Tag Archives: night

pop culture seance

i have 2 poems here that are calling upon the ghosts of two major pop culture figures: james dean and bob dylan. i kind of think they represented a certain archetype of their time and age with which i am infatuated, so the tone and content of these 2 pieces is very similar.

For James

You glower ghostly from the projector shroud.
My planchette hands backlit black reach to you
in a cinema divination drawing me down Grapevine Road
at 70 mph, hurtling towards the specter spot at Cholame—
to hell with tickets and portends, angels and charms,
to hell with the red warnings blazing on that fateful day:
the sheen of the Porsche’s engine-hot hood, the collar
of your rebel coat, the label of your last Coke—you
ripped across that ribbon of concrete as the bloody
sunset stabbed your eyelids at skull-crushing speeds
and the Ford Sedan glared through the windshield—
better give me something, give me something fast—
I see you swiveling the steering wheel as you flick
the last cherry spark of your cigarette and battle
the demons twisted into the transmission, your eyes
fixed on the rangeline of dusk and day—a softness
like the final fade-out on the milk-wash screen.

Leaving Hibbing

You found the guitar arthritic in the attic, by
the mahogany Detrolla with an upside-down atlas
glowing on the face as Hank Williams quavered
airwaves and Odetta howled on the up-down strums:
50,000 watts voodooing through the atmosphere.

A country record in the cradle made you different,
deviated topography snagged on the compass rose.

There’s no room to rebel in this weather: a pastoral
purgatory of milk and lilies, snow-stiff flags
on the white-wash porches—what happens to these
nine square blocks when the iron mines shut down,
the fields dessicate and the red canvas awnings clap down
slow in the final autumn?
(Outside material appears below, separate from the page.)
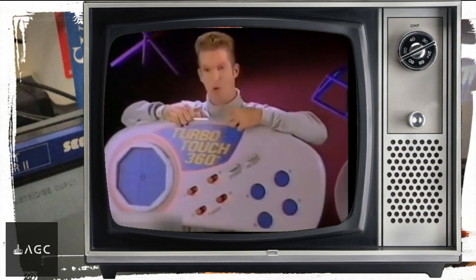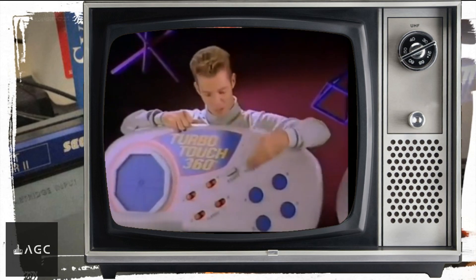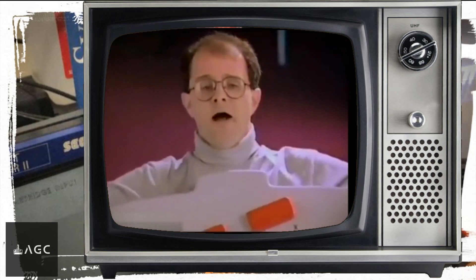I'm the new TurboTouch 360 controller from Triaxe. I'm the ordinary video game controller. I have action buttons and multi-function turbo. So do I.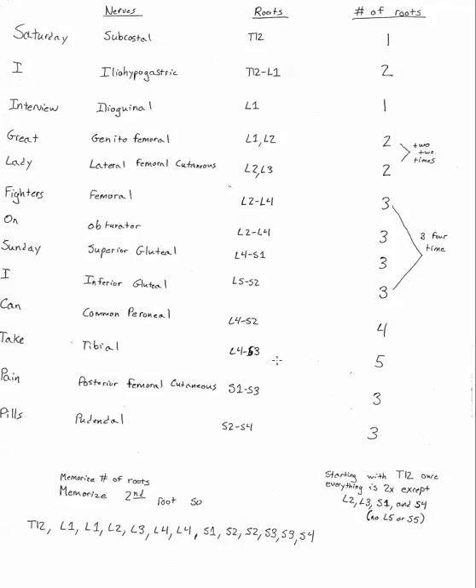Let me explain what you're looking at on the screen. Over here on the left is the mnemonic you can use to memorize all of the nerve names: 'Saturday I interview great lady fighters, on Sunday I can take pain pills.' The way I remember that is if on Saturday you're interviewing ladies who are great fighters, then on Sunday you're going to have to take some pain medication. That's gonna give you the names of all the roots for the lumbar sacral plexus.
Change your name
to anything, walk anyplace—Supertramp Napoleon,

get in our heads, pin us down. Seek the crossroads to séance
the folkster canon. With a dirt-thumbed copy of Bound for Glory,
you called upon the gospel according to Guthrie before
he boarded the crazy train. Stolen vinyl, shorn hair and hunger
as hard and hollow as your instrument—will you fill us,
make notes tone holy and speak something slanted radical?

Cinderella or Romeo, you can go everywhere
when you’re someone else, and you’re always
bygone and becoming, halloping to the horizon bevel
on the throstle and rise of rock-n-roll, the poetry
of the lemon crate in the gutter, the hum of a green
grain shoot stirred by Minnesota dew.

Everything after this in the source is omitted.